|Actor Christian Patrick|
Here's the concept. In 1980 Al Pacino starred in a movie called Cruising about murder in the New York gay leather bar scene. The movie was highly controversial and ultimately the director had to cut 40 minutes from the movie in order to avoid an X rating.
Interior. Leather Bar. attempts to re-imagine what those 40 minutes (which have never been shown publicly) might have looked like. As the movie begins, we are led to believe that this is documentary about the recreation of those 40 minutes. But not long into the film, you realize that the filmmakers are messing with the audience and that the entire movie is a fabrication.
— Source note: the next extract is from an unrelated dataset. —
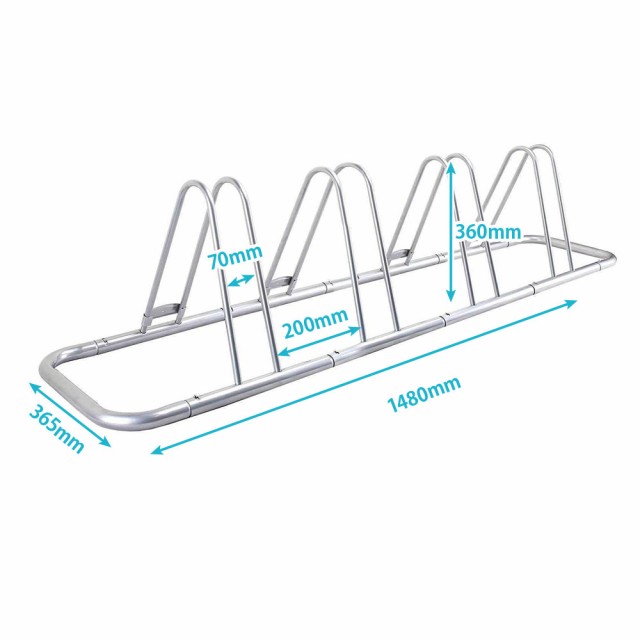 B122】最大4台用自転車スタンド NinoLite 直角 又は 斜め収納でスペース節約！自転車の多い方 会社用 店舗用にも大活躍！  バイクスタンの通販はau PAY マーケット - トップリオ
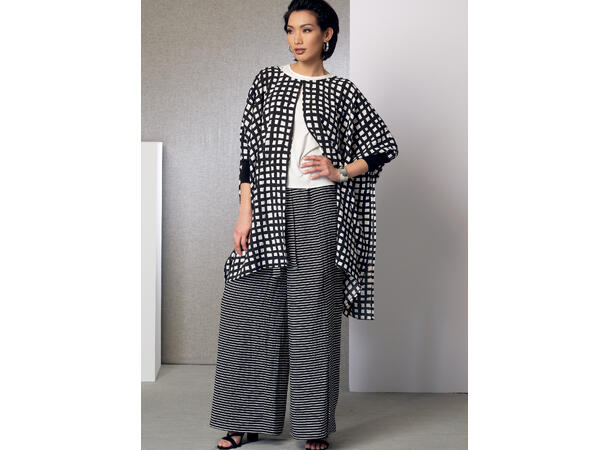 Vogue 9191 - Sett til dame.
That only makes this film more interesting.
James Franco may not really be an actor or filmmaker any more. I think he's officially made the move to "Artist." The Art world is enamored with him. He's had numerous gallery shows recently. And his performance art is getting quite a bit of attention. This movie adds to the perception that he wants his work to live in a fine-Art setting. Franco and other actors in the movie raise interesting issues about how we express ourselves creatively and how sex factors into that expression.
Only one person was there for the Q and A after the screening. Christian Patrick, who happily admitted that he's involved in the gay leather scene in his personal life and that he works as a porn star seemed somewhat overwhelmed by the questioning Sundance crowd. But in the end he offered some interesting musings on the power of creative and sexual freedom. He also admitted that he enjoyed the attention from the Art crowd who praised him for doing what he pretty much does for the porn crowd; turn people on. And it's exactly that conundrum that makes Interior. Leather Bar. an interesting Sundance movie.